On March 7, a bill commonly known as "911 SAVES Act" was introduced in the House of Representatives. I hope this is the one that finally passes and gives dispatchers not only the recognition they so richly deserve, but also what they need to become even better in their profession with additional training, funding and resources.
Keep tabs on this issue. Write your congressman. Show your support for the men and women who work 24/7 to connect us at a moment's notice with the help we need. After all, when we have well-equipped dispatchers, the whole community is safer.
3. Railing against self-checkouts
I know, I'm not fond of having to scan and bag my own items, either. But this is a change that isn't going away, and being rude or snarky to the employees of an establishment doesn't help matters.
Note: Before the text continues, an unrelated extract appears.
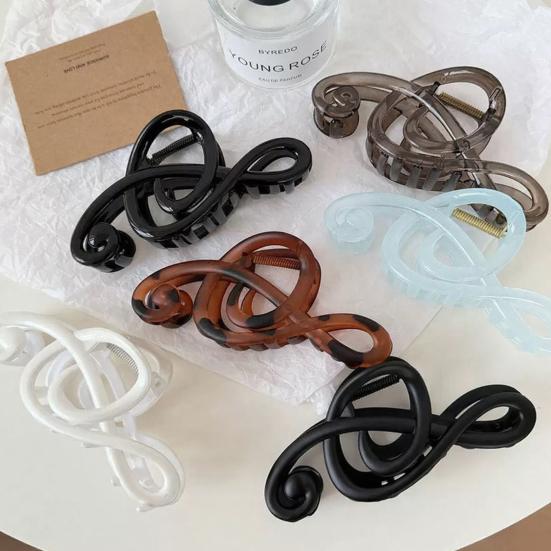 Hair Claw Matte Finish Treble Clef Shape Large Shark Clip Secure Hold Non-Slip Literary Style Hair Accessory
I can guarantee you it wasn't their idea to put them in the stores.
Who knows, in another few years of technological advancement there may not even be such a thing as a physical checkout stand.
Again, it's up to you which line to go through. I don't condemn those who use self-checkout, I understand it can be a convenient option. Personally, though, I'm happy to wait another minute or two to have someone else fiddle with trying to open those plastics bags – and please don't judge me for still using them.
Those are just three things that have been on my mind lately. Whether or not you agree with me about these issues, I encourage you to take some time to work considerately for positive changes in your world.